Lord Smith, Prof Koichi Nakano and Prof Arthur Stockwin.

Power of Politics in Japan and the UK: speakers at Daiwa Foundation London event lambast the Thatcher way By James Brewer

Authoritarian political trends in Japan, where conservative leader Shinzo Abe has just secured a renewed majority, and in the UK where forces are gearing up for a General Election, came under attack during the final event of the Daiwa Anglo-Japanese Foundation 2014 London seminar series.

The speakers, Prof Koichi Nakano, a leading commentator on Japanese politics, and Baron Trevor Smith of Clifton, a Liberal Democrat spokesman in the House of Lords, expressed their anxiety over Mr Abe’s symbolic adoption of one of the mantras of the late Baroness Thatcher.

At the height of her term in office, the British prime minister had issued the watchword TINA (there is no alternative) for her tough policies.

Mr Abe, head of Japan’s Liberal Democratic Party which has ruled for 55 of its 58 years of existence, chose to campaign on the same slogan, especially in relation to what has become known as “the Third Arrow of Abenomics, ” which is a big  move towards deregulation and the removal of barriers to trade and direct foreign investment.
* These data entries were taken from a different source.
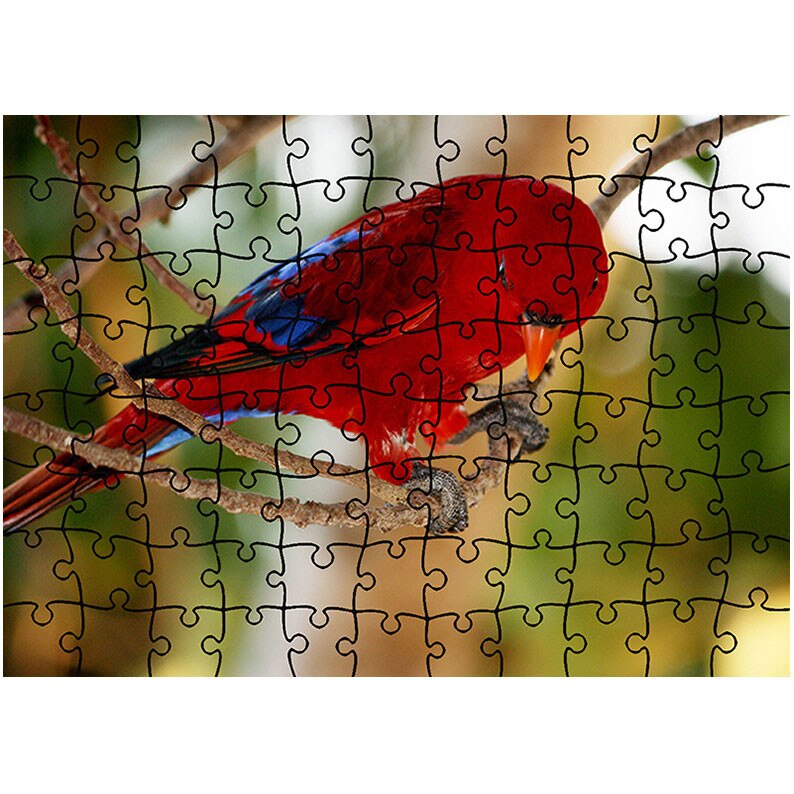 Puzzle Heartwork 96 piese, Pasare colorata, Latime 40,5 cm x Inaltime 28,5 cm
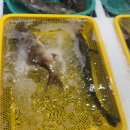 산청시장 | 통영횟집 통영중앙시장 회 포장 &#39;산청 활어&#39; 후기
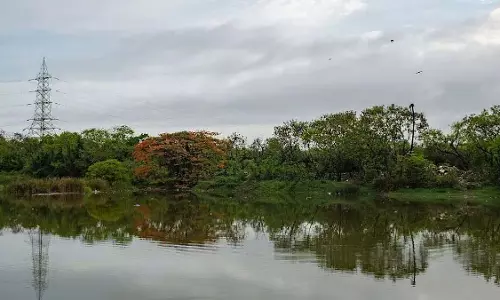 Mumbai : लोखंडवाला झील की सफाई का काम आखिरकार 6 साल की नागरिक सक्रियता के बाद शुरू हुआ Mumbai : लोखंडवाला झील की सफाई का काम आखिरकार 6 साल की नागरिक सक्रियता के बाद शुरू हुआ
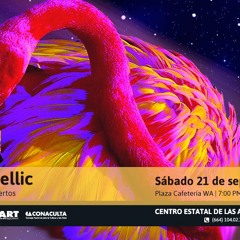 Paisadellic Track 1 CEART Tijuana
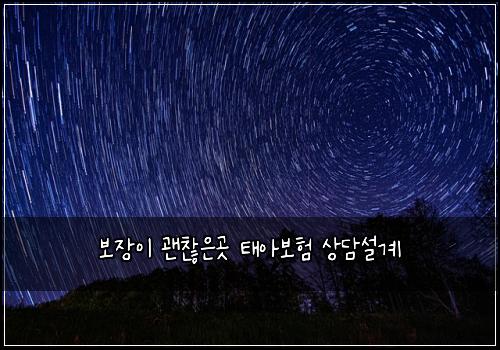 보장이 괜찮은곳 태아보험 상담설계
During a speech at the Guildhall when he visited the City of London in June 2013, he admiringly echoed the approach of Mrs Thatcher, saying: “We will double the balance of direct investment in Japan by foreign companies.”
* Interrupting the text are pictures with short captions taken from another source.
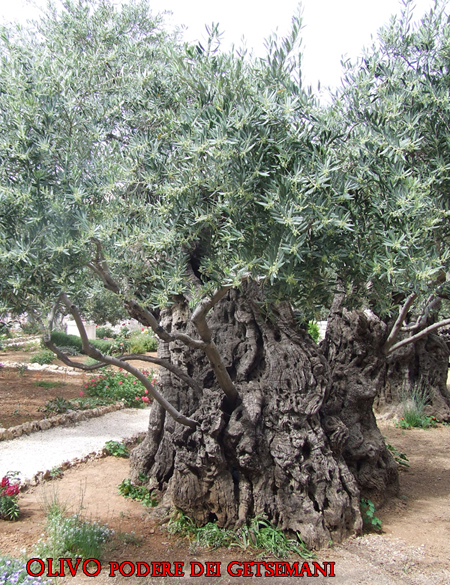 orto.DSCF0663WWw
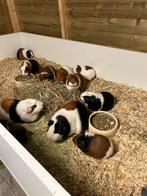 Lono’s cavia’s, Dieren en Toebehoren, Knaagdieren, Cavia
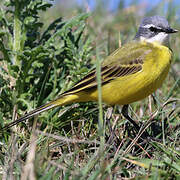 Western Yellow Wagtail (iberiae)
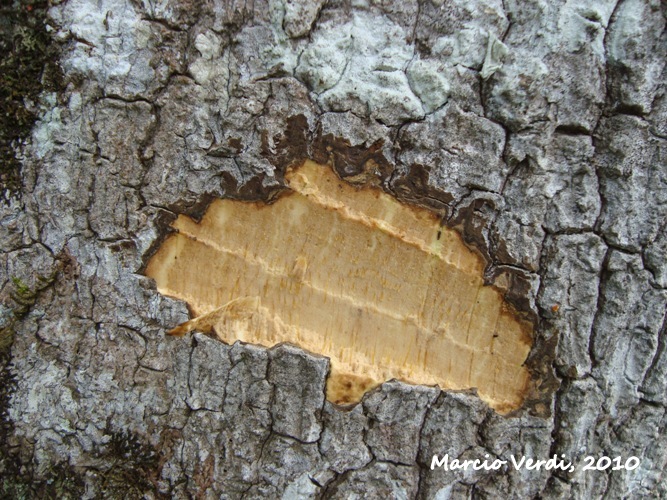 Ocotea puberula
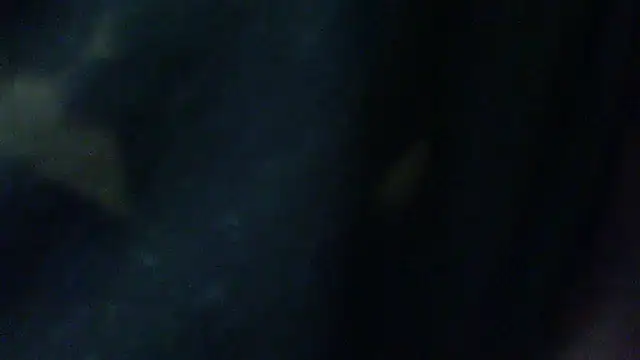 Billywax online show from 2, 2, 2026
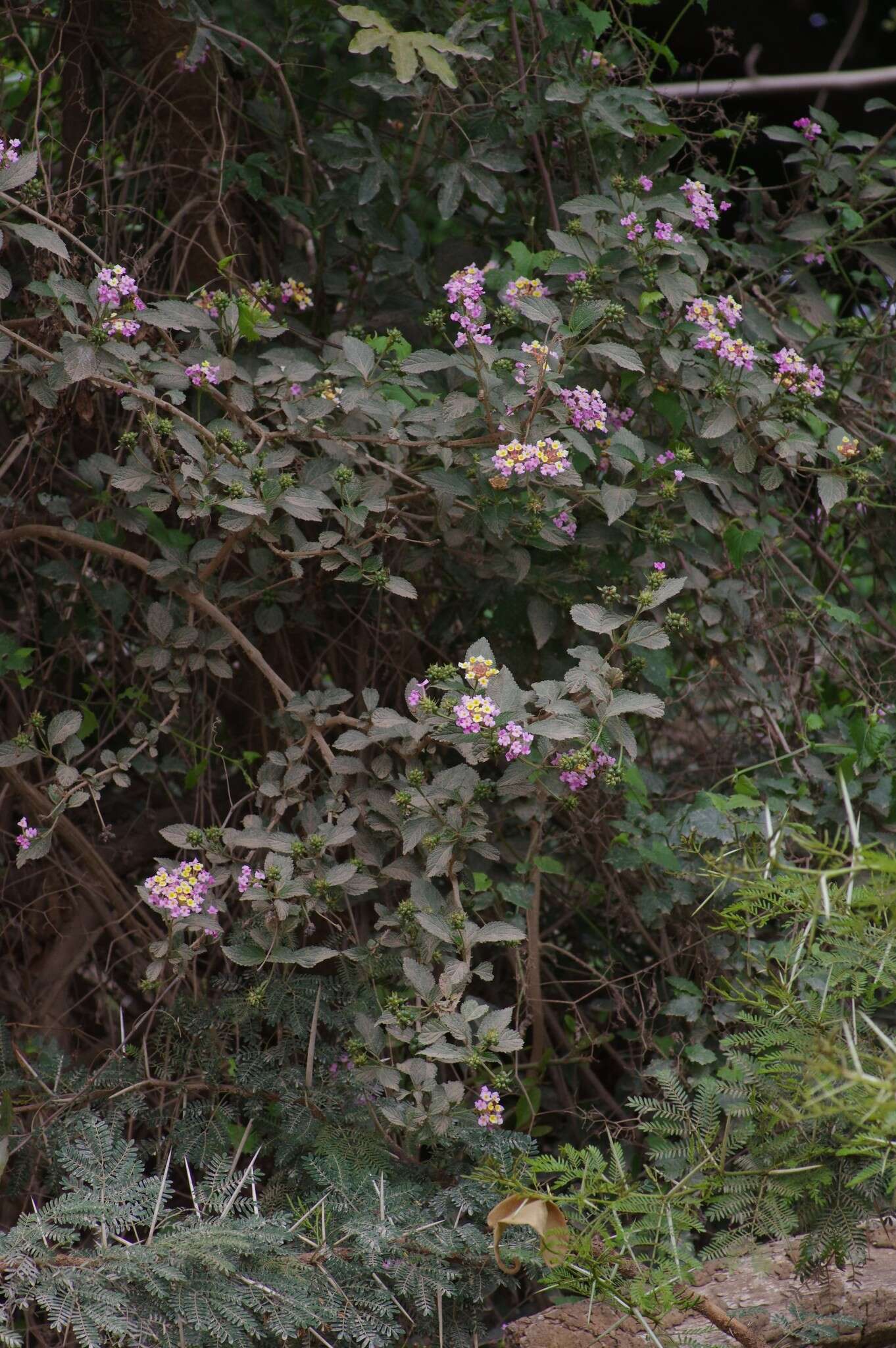 Image of Lantana camara subsp. aculeata (L.) R. W. Sanders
The evocation of the TINA line was seen as refusing to brook opposition of any kind, and Prof Nakano, of Sophia University, Tokyo, said such an approach was a threat to checks and balances in society.

Lord Smith castigated the new breed of people promoting TINA – there is no alternative – “the most anti-democratic slogan you can imagine. Democracy is about having at least one alternative. That is why you are seeing protests across the Western democracies.”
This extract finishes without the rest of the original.